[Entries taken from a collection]
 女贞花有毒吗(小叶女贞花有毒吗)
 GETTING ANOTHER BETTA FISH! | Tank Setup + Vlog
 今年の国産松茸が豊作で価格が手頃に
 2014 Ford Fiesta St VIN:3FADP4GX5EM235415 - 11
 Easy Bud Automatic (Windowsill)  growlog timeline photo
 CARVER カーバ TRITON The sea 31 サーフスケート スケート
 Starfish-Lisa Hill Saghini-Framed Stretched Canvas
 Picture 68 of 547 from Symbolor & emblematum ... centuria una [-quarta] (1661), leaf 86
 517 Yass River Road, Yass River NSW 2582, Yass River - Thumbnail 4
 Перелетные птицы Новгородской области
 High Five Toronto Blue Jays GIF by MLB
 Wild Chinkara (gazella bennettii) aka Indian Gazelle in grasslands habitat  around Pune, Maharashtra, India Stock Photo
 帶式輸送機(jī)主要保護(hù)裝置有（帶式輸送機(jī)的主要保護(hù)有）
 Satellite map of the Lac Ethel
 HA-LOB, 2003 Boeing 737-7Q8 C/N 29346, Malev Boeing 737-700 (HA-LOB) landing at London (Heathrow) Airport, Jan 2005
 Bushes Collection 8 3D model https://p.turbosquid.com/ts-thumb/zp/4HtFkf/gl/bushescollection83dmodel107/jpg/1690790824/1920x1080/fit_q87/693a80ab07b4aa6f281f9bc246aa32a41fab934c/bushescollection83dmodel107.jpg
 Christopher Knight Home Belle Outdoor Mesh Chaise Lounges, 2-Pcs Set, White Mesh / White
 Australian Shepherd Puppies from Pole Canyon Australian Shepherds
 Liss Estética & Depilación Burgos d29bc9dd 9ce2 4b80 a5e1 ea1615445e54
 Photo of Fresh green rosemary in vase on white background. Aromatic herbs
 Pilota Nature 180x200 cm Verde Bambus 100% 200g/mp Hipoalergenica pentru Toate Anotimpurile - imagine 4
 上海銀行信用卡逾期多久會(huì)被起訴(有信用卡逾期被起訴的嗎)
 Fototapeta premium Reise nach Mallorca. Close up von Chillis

◆ **GOAL OF THE EXERCISE**: Please restate the data word for word, every record included.

◆ **TASK RESULT**:
 女贞花有毒吗(小叶女贞花有毒吗)
 GETTING ANOTHER BETTA FISH! | Tank Setup + Vlog
 今年の国産松茸が豊作で価格が手頃に
 2014 Ford Fiesta St VIN:3FADP4GX5EM235415 - 11
 Easy Bud Automatic (Windowsill)  growlog timeline photo
 CARVER カーバ TRITON The sea 31 サーフスケート スケート
 Starfish-Lisa Hill Saghini-Framed Stretched Canvas
 Picture 68 of 547 from Symbolor & emblematum ... centuria una [-quarta] (1661), leaf 86
 517 Yass River Road, Yass River NSW 2582, Yass River - Thumbnail 4
 Перелетные птицы Новгородской области
 High Five Toronto Blue Jays GIF by MLB
 Wild Chinkara (gazella bennettii) aka Indian Gazelle in grasslands habitat  around Pune, Maharashtra, India Stock Photo
 帶式輸送機(jī)主要保護(hù)裝置有（帶式輸送機(jī)的主要保護(hù)有）
 Satellite map of the Lac Ethel
 HA-LOB, 2003 Boeing 737-7Q8 C/N 29346, Malev Boeing 737-700 (HA-LOB) landing at London (Heathrow) Airport, Jan 2005
 Bushes Collection 8 3D model https://p.turbosquid.com/ts-thumb/zp/4HtFkf/gl/bushescollection83dmodel107/jpg/1690790824/1920x1080/fit_q87/693a80ab07b4aa6f281f9bc246aa32a41fab934c/bushescollection83dmodel107.jpg
 Christopher Knight Home Belle Outdoor Mesh Chaise Lounges, 2-Pcs Set, White Mesh / White
 Australian Shepherd Puppies from Pole Canyon Australian Shepherds
 Liss Estética & Depilación Burgos d29bc9dd 9ce2 4b80 a5e1 ea1615445e54
 Photo of Fresh green rosemary in vase on white background. Aromatic herbs
 Pilota Nature 180x200 cm Verde Bambus 100% 200g/mp Hipoalergenica pentru Toate Anotimpurile - imagine 4
 上海銀行信用卡逾期多久會(huì)被起訴(有信用卡逾期被起訴的嗎)
 Fototapeta premium Reise nach Mallorca. Close up von Chillis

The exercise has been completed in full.